___ RECORDED INFORMATION
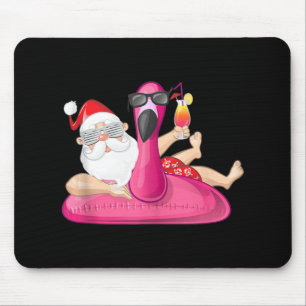 Christmas in July Santa Hawaii Flamingo Summer Vac Mouse Mat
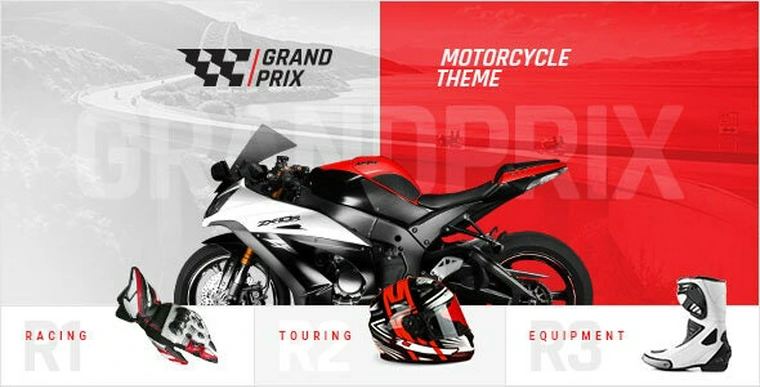 GrandPrix v1.0 - Motorcycle WordPress Theme36947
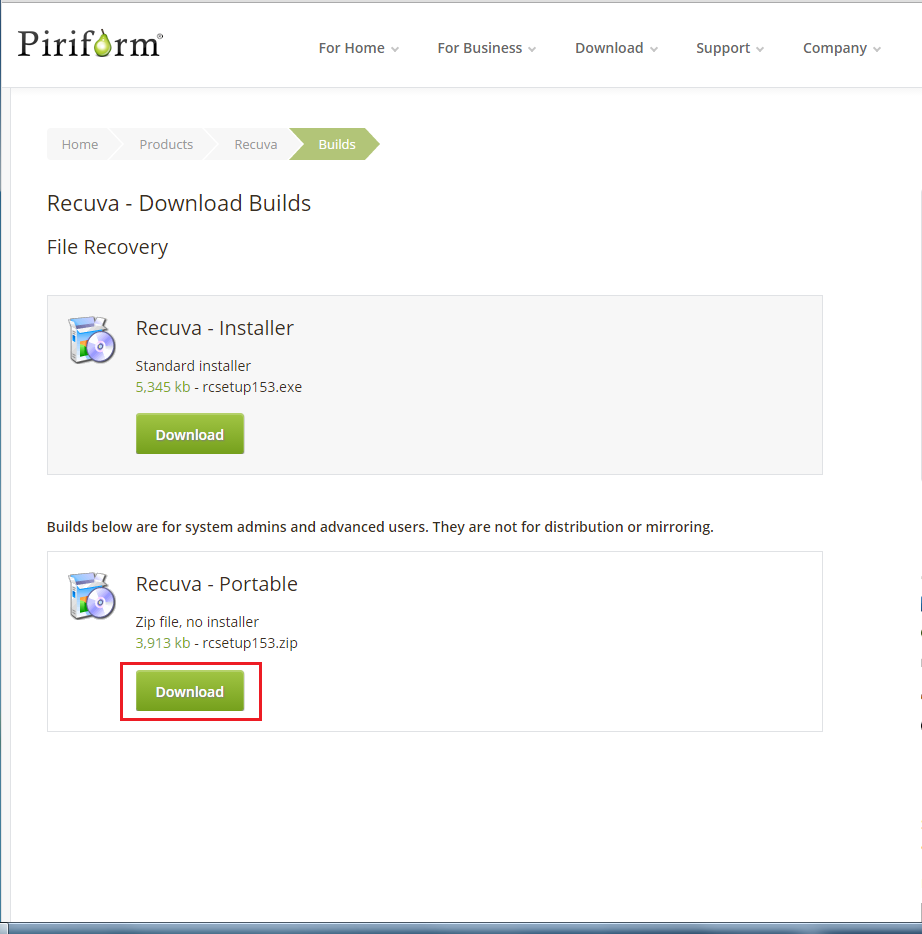 portableと書かれたdownloadのボタンを左クリック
______
Repeat every line above exactly, minus the pictures.

 Christmas in July Santa Hawaii Flamingo Summer Vac Mouse Mat
 GrandPrix v1.0 - Motorcycle WordPress Theme36947
 portableと書かれたdownloadのボタンを左クリック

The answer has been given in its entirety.